> [WHAT TO WORK ON]
Please transcribe exactly, and only, the lines of the data below between the line holding "Purple Argyle Golf" and the line holding "Sevimli Capybara Figürlü", inclusive.

> [WORKING DATA]
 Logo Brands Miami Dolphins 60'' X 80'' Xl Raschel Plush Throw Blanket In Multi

...

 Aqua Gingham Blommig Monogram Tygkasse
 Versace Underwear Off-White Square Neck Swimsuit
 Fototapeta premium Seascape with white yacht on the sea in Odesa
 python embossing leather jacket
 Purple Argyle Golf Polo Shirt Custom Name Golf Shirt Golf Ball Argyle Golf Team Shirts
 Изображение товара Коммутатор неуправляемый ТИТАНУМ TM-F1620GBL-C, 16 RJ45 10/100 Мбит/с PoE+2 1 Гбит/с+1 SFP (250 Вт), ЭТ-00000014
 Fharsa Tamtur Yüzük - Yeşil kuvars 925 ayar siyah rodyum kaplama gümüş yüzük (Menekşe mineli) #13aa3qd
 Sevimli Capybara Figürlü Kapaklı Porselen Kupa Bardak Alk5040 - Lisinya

==

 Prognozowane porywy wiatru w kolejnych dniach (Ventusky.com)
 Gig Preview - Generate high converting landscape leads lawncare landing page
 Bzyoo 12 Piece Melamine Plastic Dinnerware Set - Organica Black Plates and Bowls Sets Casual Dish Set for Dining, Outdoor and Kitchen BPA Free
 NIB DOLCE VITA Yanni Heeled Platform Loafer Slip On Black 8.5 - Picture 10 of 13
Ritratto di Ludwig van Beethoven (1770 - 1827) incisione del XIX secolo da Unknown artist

> [RESPONSE AREA]
 Purple Argyle Golf Polo Shirt Custom Name Golf Shirt Golf Ball Argyle Golf Team Shirts
 Изображение товара Коммутатор неуправляемый ТИТАНУМ TM-F1620GBL-C, 16 RJ45 10/100 Мбит/с PoE+2 1 Гбит/с+1 SFP (250 Вт), ЭТ-00000014
 Fharsa Tamtur Yüzük - Yeşil kuvars 925 ayar siyah rodyum kaplama gümüş yüzük (Menekşe mineli) #13aa3qd
 Sevimli Capybara Figürlü Kapaklı Porselen Kupa Bardak Alk5040 - Lisinya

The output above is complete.